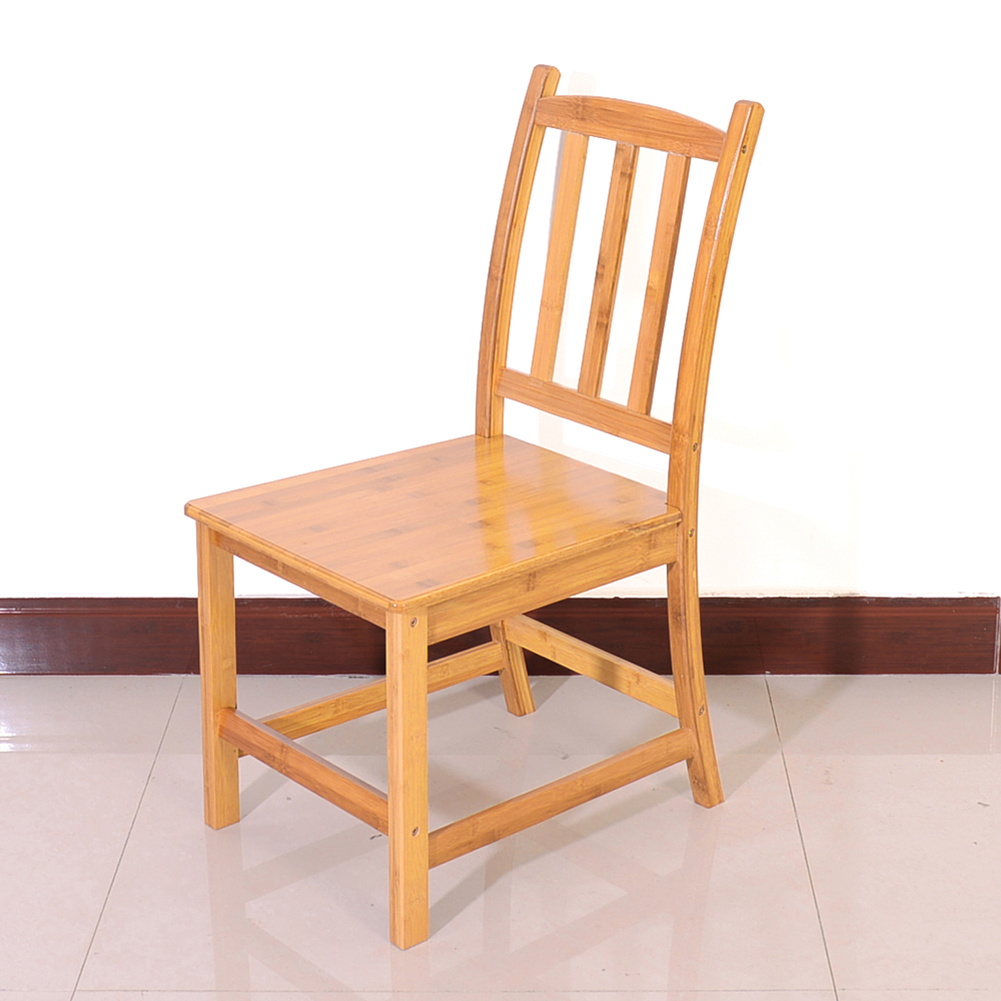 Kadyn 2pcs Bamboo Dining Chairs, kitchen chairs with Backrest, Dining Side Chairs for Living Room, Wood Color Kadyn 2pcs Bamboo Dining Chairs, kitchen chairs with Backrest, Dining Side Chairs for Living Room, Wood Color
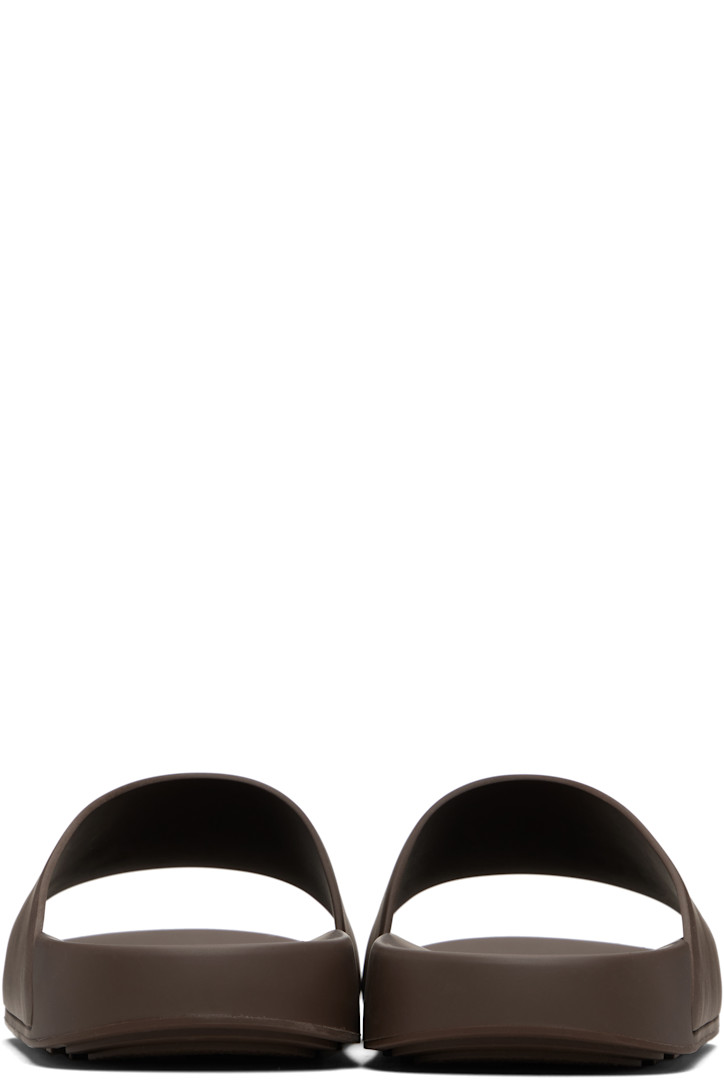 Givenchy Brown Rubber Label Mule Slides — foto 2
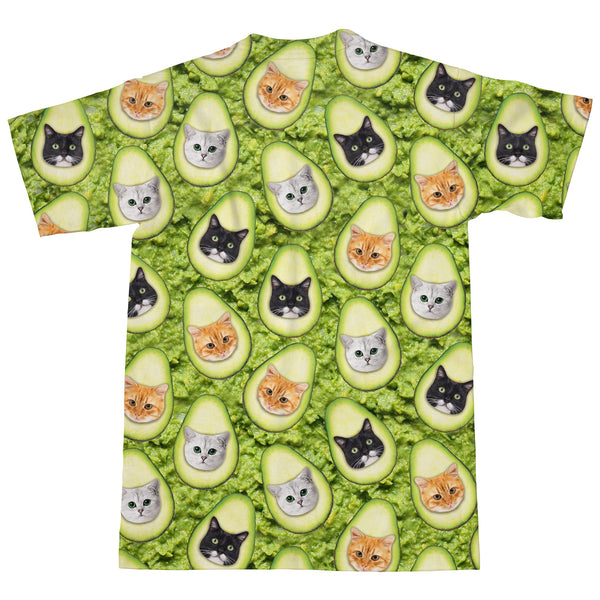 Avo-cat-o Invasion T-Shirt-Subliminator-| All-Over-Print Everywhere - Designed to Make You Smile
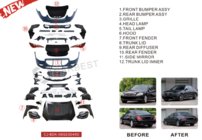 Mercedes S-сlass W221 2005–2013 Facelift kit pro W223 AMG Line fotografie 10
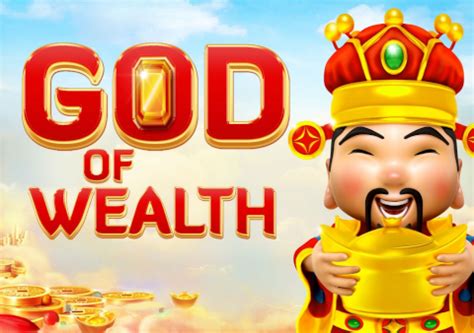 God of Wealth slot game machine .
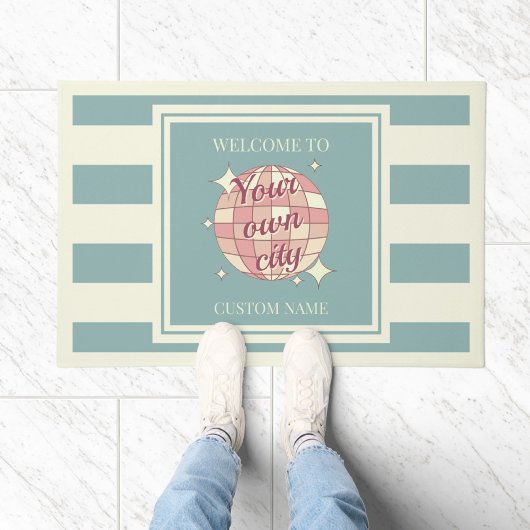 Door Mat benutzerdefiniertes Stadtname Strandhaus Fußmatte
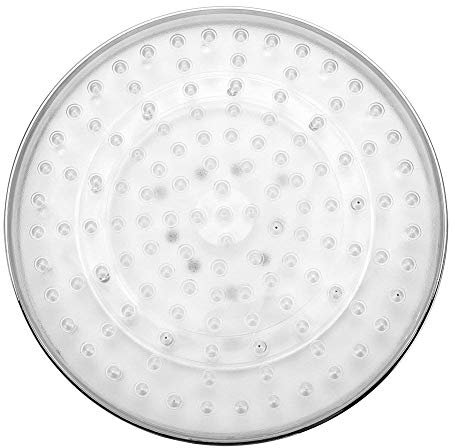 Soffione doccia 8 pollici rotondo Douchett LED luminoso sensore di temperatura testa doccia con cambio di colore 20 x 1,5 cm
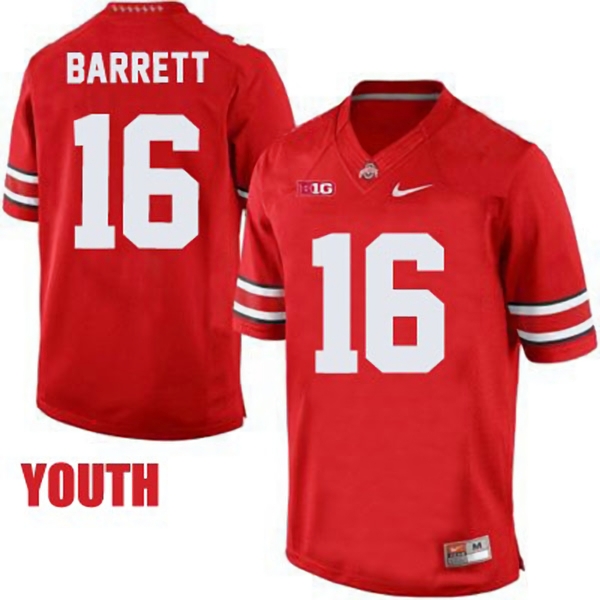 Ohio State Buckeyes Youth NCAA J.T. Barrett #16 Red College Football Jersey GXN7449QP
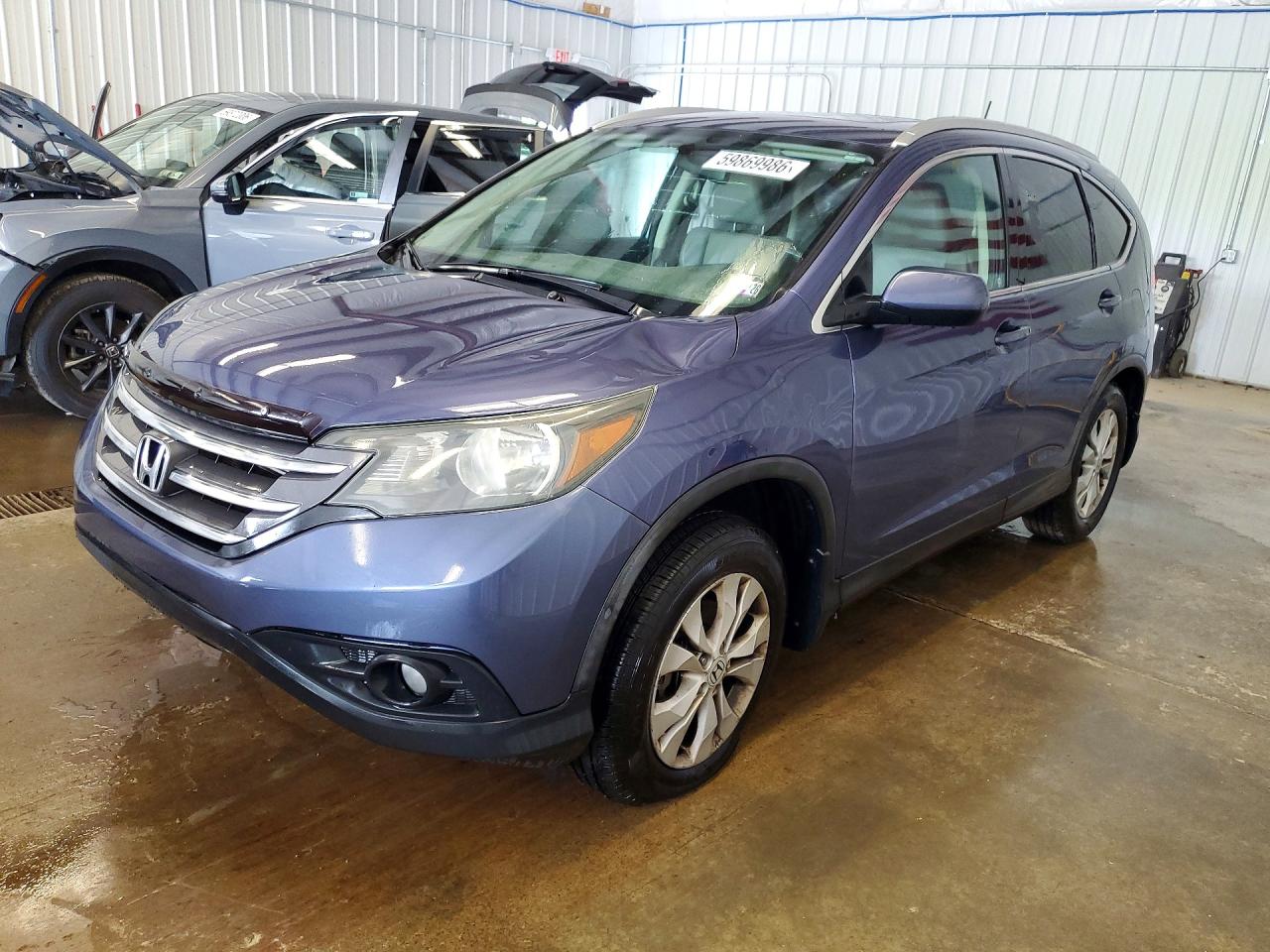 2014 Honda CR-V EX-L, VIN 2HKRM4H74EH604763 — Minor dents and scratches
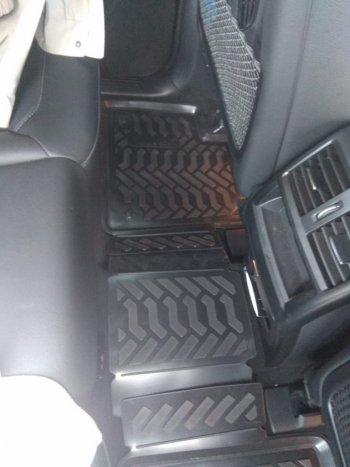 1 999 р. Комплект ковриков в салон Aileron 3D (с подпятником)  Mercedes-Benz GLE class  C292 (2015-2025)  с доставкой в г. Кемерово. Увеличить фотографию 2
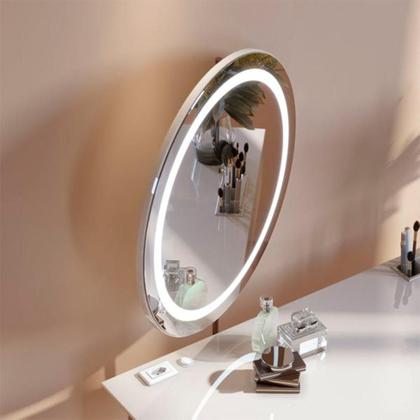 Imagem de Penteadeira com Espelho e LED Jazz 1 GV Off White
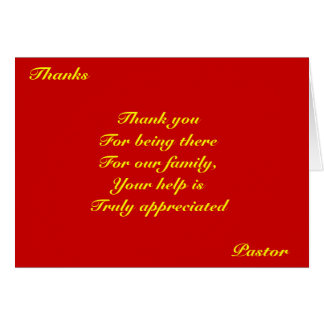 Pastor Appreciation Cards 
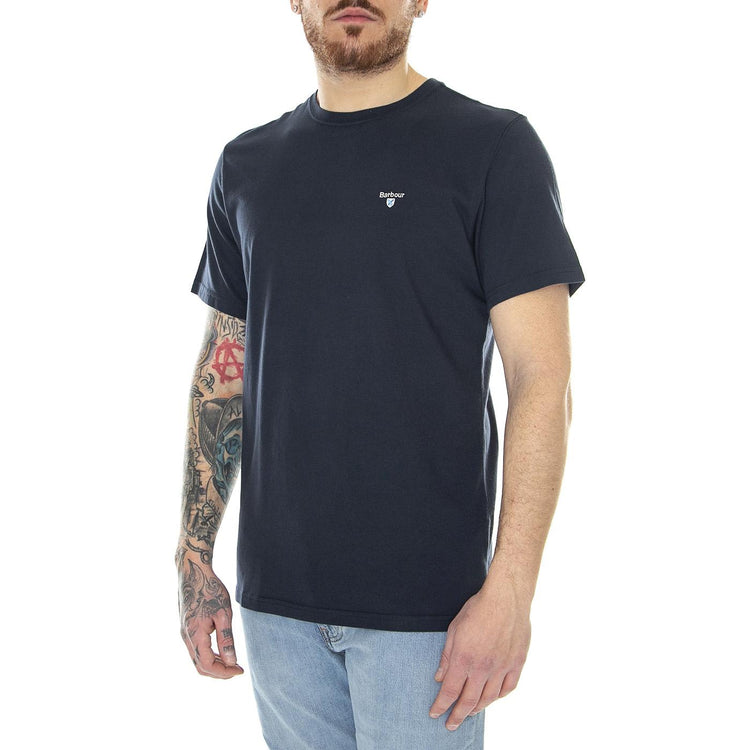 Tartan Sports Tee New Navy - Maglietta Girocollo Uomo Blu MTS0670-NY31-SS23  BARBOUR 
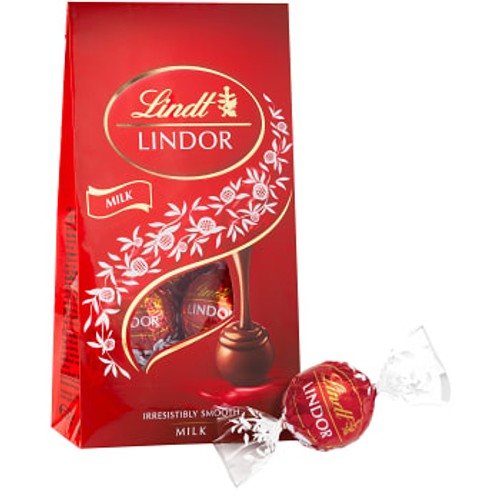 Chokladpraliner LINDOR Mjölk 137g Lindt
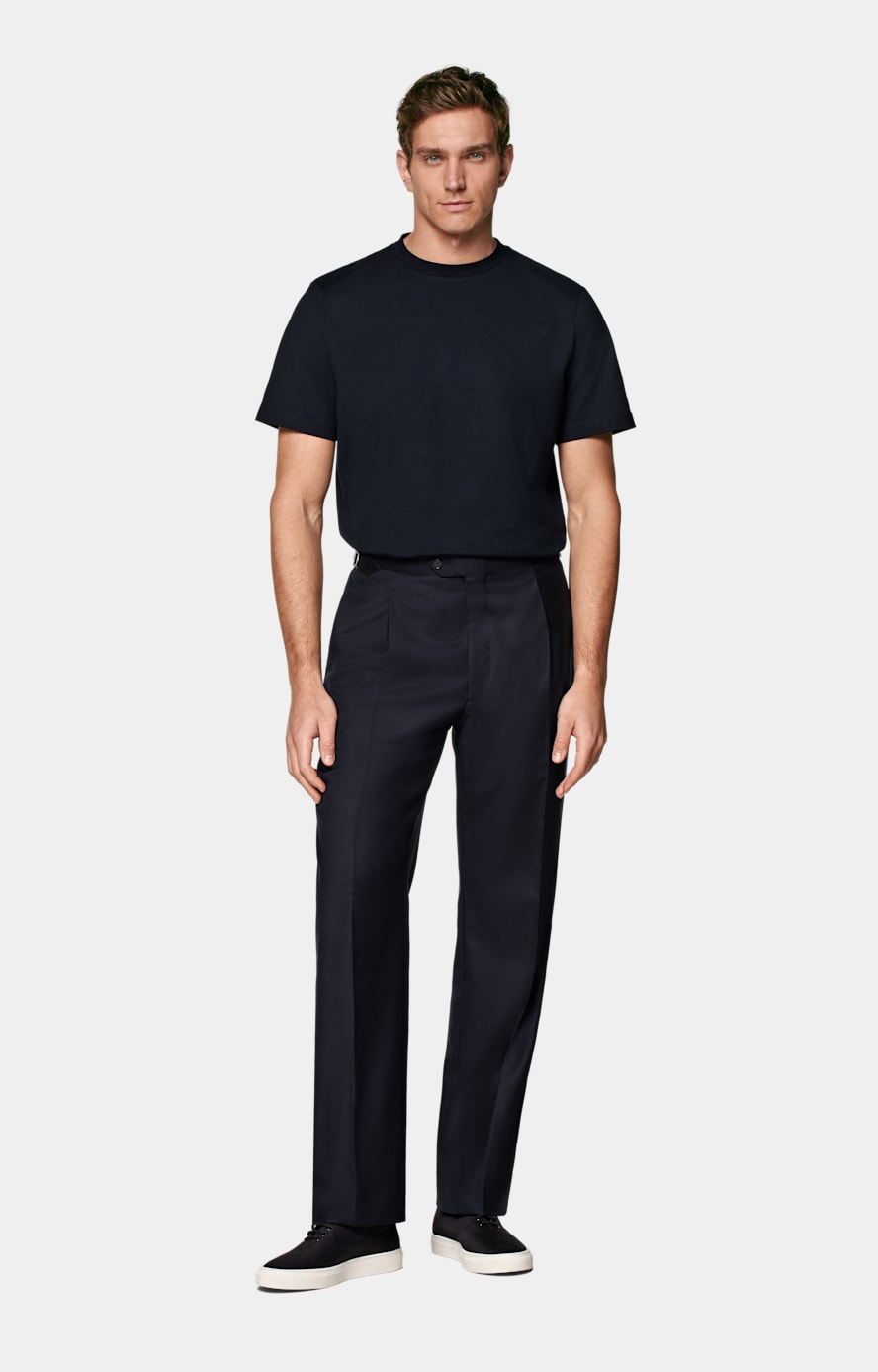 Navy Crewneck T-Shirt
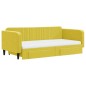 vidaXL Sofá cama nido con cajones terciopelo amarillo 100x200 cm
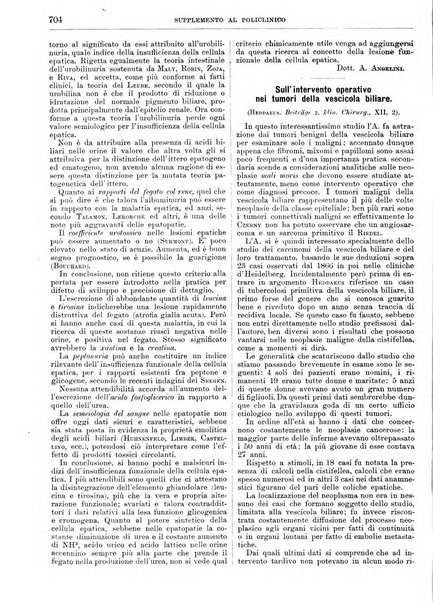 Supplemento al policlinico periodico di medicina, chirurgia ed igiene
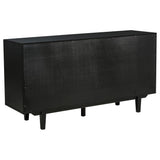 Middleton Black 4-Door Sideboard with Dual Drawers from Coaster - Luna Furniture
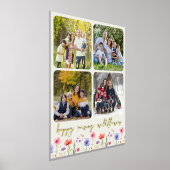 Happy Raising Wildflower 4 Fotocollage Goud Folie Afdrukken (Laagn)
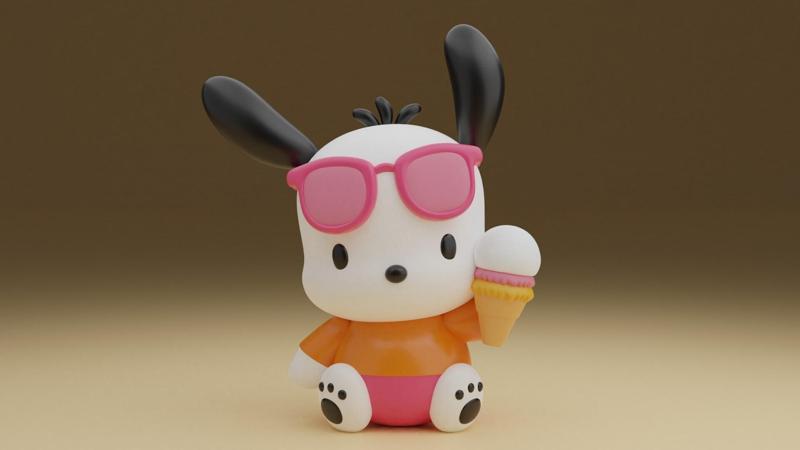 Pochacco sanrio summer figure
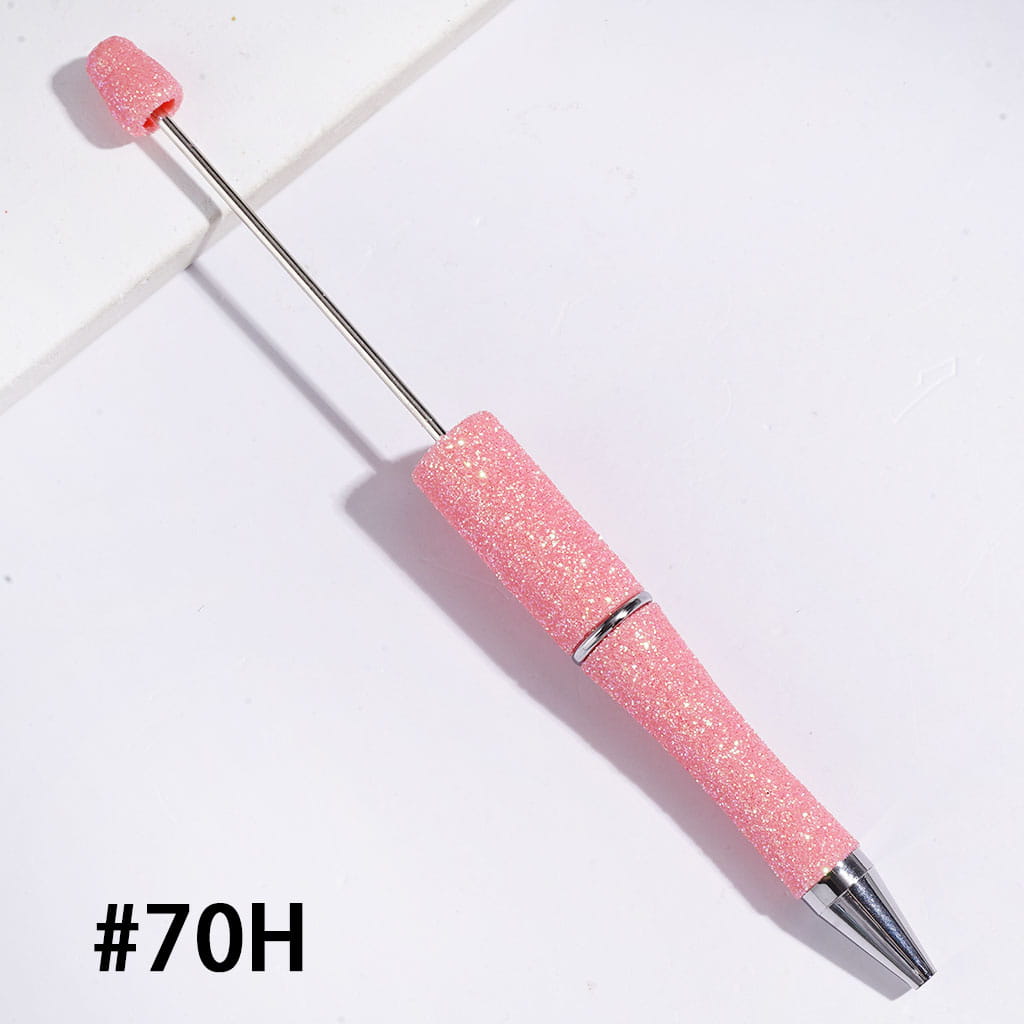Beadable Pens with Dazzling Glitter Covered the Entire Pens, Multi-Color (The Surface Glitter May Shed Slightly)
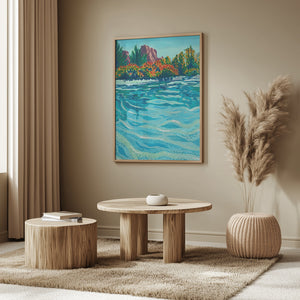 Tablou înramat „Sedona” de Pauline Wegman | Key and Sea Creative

Exercise brief:
All of the data above must be printed exactly, minus its pictures.

Completed task:
 Kadyn 2pcs Bamboo Dining Chairs, kitchen chairs with Backrest, Dining Side Chairs for Living Room, Wood Color Kadyn 2pcs Bamboo Dining Chairs, kitchen chairs with Backrest, Dining Side Chairs for Living Room, Wood Color
 Givenchy Brown Rubber Label Mule Slides — foto 2
 Avo-cat-o Invasion T-Shirt-Subliminator-| All-Over-Print Everywhere - Designed to Make You Smile
 Mercedes S-сlass W221 2005–2013 Facelift kit pro W223 AMG Line fotografie 10
 God of Wealth slot game machine .
 Door Mat benutzerdefiniertes Stadtname Strandhaus Fußmatte
 Soffione doccia 8 pollici rotondo Douchett LED luminoso sensore di temperatura testa doccia con cambio di colore 20 x 1,5 cm
 Ohio State Buckeyes Youth NCAA J.T. Barrett #16 Red College Football Jersey GXN7449QP
 2014 Honda CR-V EX-L, VIN 2HKRM4H74EH604763 — Minor dents and scratches
 1 999 р. Комплект ковриков в салон Aileron 3D (с подпятником)  Mercedes-Benz GLE class  C292 (2015-2025)  с доставкой в г. Кемерово. Увеличить фотографию 2
 Imagem de Penteadeira com Espelho e LED Jazz 1 GV Off White
 Pastor Appreciation Cards 
 Tartan Sports Tee New Navy - Maglietta Girocollo Uomo Blu MTS0670-NY31-SS23  BARBOUR 
 Chokladpraliner LINDOR Mjölk 137g Lindt
 Navy Crewneck T-Shirt
 vidaXL Sofá cama nido con cajones terciopelo amarillo 100x200 cm
 Supplemento al policlinico periodico di medicina, chirurgia ed igiene
 Middleton Black 4-Door Sideboard with Dual Drawers from Coaster - Luna Furniture
 Happy Raising Wildflower 4 Fotocollage Goud Folie Afdrukken (Laagn)
 Pochacco sanrio summer figure
Beadable Pens with Dazzling Glitter Covered the Entire Pens, Multi-Color (The Surface Glitter May Shed Slightly)
 Tablou înramat „Sedona” de Pauline Wegman | Key and Sea Creative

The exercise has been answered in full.